For the entries below, the result should be an exact transcription of the lines from the one with "Queensland Maori Nga" up to and including the one with "Red Green Pattern", and only those.

Stored records
============================================================

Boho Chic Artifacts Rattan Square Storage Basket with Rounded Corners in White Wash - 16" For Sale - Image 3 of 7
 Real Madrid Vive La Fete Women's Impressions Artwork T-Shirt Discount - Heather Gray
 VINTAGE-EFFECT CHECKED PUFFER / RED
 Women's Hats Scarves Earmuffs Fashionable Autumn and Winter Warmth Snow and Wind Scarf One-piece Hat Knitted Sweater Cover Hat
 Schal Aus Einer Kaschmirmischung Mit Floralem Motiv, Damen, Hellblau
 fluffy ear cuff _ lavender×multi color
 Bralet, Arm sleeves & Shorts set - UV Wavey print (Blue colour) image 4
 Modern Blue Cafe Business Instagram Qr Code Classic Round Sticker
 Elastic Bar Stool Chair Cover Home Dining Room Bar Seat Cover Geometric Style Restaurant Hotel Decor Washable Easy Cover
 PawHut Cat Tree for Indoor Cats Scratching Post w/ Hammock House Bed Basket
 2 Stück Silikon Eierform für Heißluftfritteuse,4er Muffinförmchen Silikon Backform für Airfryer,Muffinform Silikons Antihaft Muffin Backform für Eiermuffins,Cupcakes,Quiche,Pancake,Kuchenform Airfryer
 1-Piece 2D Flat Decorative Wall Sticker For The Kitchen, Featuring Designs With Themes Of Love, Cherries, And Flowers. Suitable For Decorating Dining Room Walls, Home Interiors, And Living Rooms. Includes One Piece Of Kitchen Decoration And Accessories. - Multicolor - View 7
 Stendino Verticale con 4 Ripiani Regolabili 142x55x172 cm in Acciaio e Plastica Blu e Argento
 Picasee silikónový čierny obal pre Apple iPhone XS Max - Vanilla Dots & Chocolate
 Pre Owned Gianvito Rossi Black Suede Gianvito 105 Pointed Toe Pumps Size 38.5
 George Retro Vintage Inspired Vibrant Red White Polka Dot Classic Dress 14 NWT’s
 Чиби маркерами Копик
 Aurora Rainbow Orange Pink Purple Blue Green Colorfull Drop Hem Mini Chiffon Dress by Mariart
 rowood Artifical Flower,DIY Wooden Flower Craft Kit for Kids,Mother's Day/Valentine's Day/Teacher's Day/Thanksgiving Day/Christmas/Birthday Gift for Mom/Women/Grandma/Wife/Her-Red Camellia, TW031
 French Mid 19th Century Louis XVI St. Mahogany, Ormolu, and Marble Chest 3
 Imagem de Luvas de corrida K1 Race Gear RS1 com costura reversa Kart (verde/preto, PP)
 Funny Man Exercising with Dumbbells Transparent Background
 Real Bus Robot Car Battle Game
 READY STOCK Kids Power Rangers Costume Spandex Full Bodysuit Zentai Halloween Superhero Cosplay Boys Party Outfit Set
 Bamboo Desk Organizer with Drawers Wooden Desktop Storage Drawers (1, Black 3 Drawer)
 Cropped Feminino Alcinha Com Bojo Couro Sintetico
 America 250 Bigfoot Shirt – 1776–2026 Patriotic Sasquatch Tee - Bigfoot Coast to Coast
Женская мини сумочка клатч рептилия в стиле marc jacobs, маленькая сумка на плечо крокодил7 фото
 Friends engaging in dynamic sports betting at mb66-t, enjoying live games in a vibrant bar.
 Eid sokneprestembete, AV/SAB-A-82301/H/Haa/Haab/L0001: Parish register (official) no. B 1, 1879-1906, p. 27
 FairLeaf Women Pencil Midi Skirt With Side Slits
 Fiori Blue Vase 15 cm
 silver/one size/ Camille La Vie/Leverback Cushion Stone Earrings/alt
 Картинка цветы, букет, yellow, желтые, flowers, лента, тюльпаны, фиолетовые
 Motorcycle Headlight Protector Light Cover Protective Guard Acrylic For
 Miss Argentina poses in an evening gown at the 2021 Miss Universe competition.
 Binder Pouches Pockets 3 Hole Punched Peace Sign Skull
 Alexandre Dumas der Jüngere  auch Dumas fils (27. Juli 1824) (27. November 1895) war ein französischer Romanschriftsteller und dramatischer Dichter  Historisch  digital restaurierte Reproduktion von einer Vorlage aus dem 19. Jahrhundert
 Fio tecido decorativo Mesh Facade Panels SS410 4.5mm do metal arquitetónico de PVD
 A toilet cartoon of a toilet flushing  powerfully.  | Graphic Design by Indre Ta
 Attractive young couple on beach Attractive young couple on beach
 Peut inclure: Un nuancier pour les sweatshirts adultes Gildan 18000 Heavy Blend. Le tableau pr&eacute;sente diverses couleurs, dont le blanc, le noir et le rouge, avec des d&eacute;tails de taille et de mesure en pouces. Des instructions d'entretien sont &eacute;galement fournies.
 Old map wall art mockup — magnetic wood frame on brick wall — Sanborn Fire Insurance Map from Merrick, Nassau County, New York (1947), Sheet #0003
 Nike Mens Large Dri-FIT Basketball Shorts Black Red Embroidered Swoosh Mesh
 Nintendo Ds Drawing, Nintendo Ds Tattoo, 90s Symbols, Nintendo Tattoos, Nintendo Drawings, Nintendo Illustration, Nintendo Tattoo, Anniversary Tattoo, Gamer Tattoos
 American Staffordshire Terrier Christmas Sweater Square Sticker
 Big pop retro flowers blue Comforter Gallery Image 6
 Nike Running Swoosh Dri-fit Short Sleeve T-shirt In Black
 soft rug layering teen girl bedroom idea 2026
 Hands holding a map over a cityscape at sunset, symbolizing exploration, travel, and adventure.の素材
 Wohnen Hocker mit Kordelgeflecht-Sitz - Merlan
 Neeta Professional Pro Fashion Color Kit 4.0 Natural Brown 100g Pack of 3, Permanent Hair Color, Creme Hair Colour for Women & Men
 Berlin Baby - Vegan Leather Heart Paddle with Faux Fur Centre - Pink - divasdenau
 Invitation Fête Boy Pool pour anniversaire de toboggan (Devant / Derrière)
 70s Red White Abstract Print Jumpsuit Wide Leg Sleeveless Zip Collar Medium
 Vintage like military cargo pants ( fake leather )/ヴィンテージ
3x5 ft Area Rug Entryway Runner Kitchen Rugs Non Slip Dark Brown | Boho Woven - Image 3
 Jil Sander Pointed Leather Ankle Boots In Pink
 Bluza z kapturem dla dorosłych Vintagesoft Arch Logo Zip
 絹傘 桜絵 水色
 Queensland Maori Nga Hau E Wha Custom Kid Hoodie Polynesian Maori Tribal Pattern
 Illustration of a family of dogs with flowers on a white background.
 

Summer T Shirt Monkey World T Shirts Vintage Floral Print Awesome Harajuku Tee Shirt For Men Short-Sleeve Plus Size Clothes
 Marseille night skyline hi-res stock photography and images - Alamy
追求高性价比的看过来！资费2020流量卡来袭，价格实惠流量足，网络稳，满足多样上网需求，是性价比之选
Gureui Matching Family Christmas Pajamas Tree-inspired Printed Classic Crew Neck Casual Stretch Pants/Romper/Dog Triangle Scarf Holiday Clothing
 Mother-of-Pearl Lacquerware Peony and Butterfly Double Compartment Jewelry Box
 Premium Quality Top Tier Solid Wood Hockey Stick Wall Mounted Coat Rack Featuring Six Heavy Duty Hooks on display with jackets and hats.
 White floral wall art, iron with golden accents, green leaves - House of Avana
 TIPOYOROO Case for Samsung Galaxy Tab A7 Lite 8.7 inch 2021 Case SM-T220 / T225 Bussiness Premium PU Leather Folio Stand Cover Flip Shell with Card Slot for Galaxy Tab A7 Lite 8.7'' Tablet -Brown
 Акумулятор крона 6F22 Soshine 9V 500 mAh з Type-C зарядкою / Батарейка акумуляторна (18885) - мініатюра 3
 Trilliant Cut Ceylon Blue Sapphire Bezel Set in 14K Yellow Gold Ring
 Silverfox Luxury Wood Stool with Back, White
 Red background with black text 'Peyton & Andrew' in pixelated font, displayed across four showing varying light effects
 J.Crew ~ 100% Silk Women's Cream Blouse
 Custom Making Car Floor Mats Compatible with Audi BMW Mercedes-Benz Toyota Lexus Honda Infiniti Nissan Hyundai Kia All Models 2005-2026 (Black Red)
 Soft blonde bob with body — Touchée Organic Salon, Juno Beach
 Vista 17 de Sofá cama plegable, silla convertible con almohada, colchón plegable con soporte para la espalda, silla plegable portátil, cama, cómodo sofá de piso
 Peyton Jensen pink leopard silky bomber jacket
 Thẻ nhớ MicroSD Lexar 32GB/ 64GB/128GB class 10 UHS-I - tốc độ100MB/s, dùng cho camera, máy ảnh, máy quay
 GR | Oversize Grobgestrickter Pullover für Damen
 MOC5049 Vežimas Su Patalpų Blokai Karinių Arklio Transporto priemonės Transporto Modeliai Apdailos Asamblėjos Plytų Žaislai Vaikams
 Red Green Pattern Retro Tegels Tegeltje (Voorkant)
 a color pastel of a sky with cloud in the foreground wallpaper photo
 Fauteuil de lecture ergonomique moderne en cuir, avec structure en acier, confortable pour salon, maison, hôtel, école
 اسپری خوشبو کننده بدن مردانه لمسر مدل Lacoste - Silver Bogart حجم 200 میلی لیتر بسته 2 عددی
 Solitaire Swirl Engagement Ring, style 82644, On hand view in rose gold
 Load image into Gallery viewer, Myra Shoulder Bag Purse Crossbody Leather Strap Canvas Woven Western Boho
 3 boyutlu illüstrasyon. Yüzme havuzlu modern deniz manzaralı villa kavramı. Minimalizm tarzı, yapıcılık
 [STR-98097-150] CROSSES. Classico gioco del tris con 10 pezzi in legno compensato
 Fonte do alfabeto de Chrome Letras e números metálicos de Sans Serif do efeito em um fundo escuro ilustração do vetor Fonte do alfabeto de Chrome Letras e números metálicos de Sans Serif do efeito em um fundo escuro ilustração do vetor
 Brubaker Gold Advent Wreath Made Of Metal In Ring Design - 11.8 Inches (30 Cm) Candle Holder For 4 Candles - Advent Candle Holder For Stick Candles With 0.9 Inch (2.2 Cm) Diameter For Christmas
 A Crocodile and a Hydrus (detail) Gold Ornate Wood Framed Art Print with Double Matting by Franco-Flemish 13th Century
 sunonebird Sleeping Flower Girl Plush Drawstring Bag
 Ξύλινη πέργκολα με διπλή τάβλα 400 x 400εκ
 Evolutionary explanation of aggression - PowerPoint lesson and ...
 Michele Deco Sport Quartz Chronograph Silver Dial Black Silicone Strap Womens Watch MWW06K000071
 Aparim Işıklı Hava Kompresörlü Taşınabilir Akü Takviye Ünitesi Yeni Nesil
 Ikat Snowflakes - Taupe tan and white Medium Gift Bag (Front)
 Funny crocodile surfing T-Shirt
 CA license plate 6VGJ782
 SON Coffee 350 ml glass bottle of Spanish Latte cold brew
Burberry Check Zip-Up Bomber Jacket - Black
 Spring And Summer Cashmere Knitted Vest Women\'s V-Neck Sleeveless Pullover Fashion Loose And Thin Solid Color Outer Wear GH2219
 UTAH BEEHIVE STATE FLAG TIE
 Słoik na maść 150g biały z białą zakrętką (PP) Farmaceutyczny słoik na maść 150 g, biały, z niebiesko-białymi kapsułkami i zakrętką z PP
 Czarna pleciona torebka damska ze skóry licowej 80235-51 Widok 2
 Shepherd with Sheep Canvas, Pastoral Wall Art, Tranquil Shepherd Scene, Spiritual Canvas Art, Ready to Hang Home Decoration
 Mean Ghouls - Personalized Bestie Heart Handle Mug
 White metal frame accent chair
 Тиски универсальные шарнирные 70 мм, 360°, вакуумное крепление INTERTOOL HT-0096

============================================================

# WRITTEN RESPONSE:
 Queensland Maori Nga Hau E Wha Custom Kid Hoodie Polynesian Maori Tribal Pattern
 Illustration of a family of dogs with flowers on a white background.
 

Summer T Shirt Monkey World T Shirts Vintage Floral Print Awesome Harajuku Tee Shirt For Men Short-Sleeve Plus Size Clothes
 Marseille night skyline hi-res stock photography and images - Alamy
追求高性价比的看过来！资费2020流量卡来袭，价格实惠流量足，网络稳，满足多样上网需求，是性价比之选
Gureui Matching Family Christmas Pajamas Tree-inspired Printed Classic Crew Neck Casual Stretch Pants/Romper/Dog Triangle Scarf Holiday Clothing
 Mother-of-Pearl Lacquerware Peony and Butterfly Double Compartment Jewelry Box
 Premium Quality Top Tier Solid Wood Hockey Stick Wall Mounted Coat Rack Featuring Six Heavy Duty Hooks on display with jackets and hats.
 White floral wall art, iron with golden accents, green leaves - House of Avana
 TIPOYOROO Case for Samsung Galaxy Tab A7 Lite 8.7 inch 2021 Case SM-T220 / T225 Bussiness Premium PU Leather Folio Stand Cover Flip Shell with Card Slot for Galaxy Tab A7 Lite 8.7'' Tablet -Brown
 Акумулятор крона 6F22 Soshine 9V 500 mAh з Type-C зарядкою / Батарейка акумуляторна (18885) - мініатюра 3
 Trilliant Cut Ceylon Blue Sapphire Bezel Set in 14K Yellow Gold Ring
 Silverfox Luxury Wood Stool with Back, White
 Red background with black text 'Peyton & Andrew' in pixelated font, displayed across four showing varying light effects
 J.Crew ~ 100% Silk Women's Cream Blouse
 Custom Making Car Floor Mats Compatible with Audi BMW Mercedes-Benz Toyota Lexus Honda Infiniti Nissan Hyundai Kia All Models 2005-2026 (Black Red)
 Soft blonde bob with body — Touchée Organic Salon, Juno Beach
 Vista 17 de Sofá cama plegable, silla convertible con almohada, colchón plegable con soporte para la espalda, silla plegable portátil, cama, cómodo sofá de piso
 Peyton Jensen pink leopard silky bomber jacket
 Thẻ nhớ MicroSD Lexar 32GB/ 64GB/128GB class 10 UHS-I - tốc độ100MB/s, dùng cho camera, máy ảnh, máy quay
 GR | Oversize Grobgestrickter Pullover für Damen
 MOC5049 Vežimas Su Patalpų Blokai Karinių Arklio Transporto priemonės Transporto Modeliai Apdailos Asamblėjos Plytų Žaislai Vaikams
 Red Green Pattern Retro Tegels Tegeltje (Voorkant)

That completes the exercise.